# Do I have sciatica or a muscle knot



## JuggernautJake (Nov 6, 2013)

I've recently done something to my lowerback and I'm unable to train...I hate doing this online symptom checker thing but its the fastest way to get an idea of what problem I have and how much its going to cost.

I've emailed a few sport massage therapists and physiotherapist with mixed responses some have said they believe I have sciatica or maybe a muscle knot and that a massage will help...while others think a massage is out of the question and I need extensive physiotherapy :confused1:

Anyway my symptoms are basically a sharp pain that shoots down my left side lower back and glute whenever I do anything strenuous, it almost feels like an "electrocution" type pain which completely incapacitates me for a short while (I have to lie down for a good 10 minutes before I can stand, then I'm fine) it is not a constant pain but only triggered during exertion such as sprints etc.
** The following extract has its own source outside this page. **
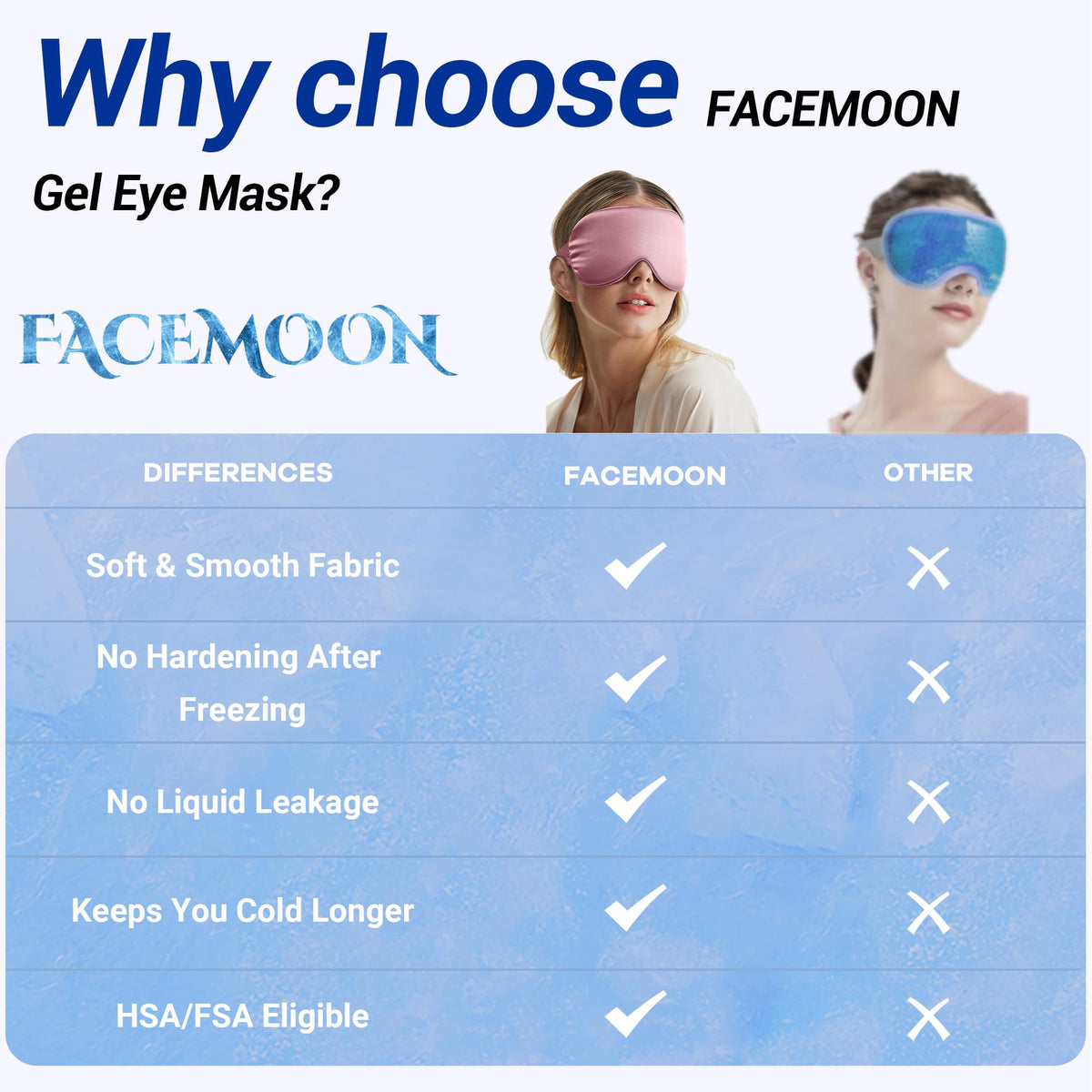 FACEMOON care label close-up showing cleaning instructions for durability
The electrocution type pain I get makes me think its neural but people also describe a muscle knot with an electrocuting stabbing pain also

Anyone experienced anythingg like this and what did you do?


----------



## Smitch (Dec 29, 2008)

You got any numbness or tingling?


----------



## JuggernautJake (Nov 6, 2013)

Smitch said:


> You got any numbness or tingling?


nope...and it also does not go down my legs or to my toes which I believe sciatica does?...its only triggered when I activate my posterior chain...deadlifts, glute bridging etc...glute bridges is how I actually triggered it...felt like someone shot me in the back with a tazer...so I lied down in the gym for 10 minutes before I could finally stand lol...I'm 23 aswell, how embarssing ha


----------



## 39005 (Nov 25, 2013)

sciatica or other inflamed nerve condition , prob lower back .

you will need an MRI to find the exact location.


----------



## JuggernautJake (Nov 6, 2013)

aqualung said:


> sciatica or other inflamed nerve condition , prob lower back .
> 
> you will need an MRI to find the exact location.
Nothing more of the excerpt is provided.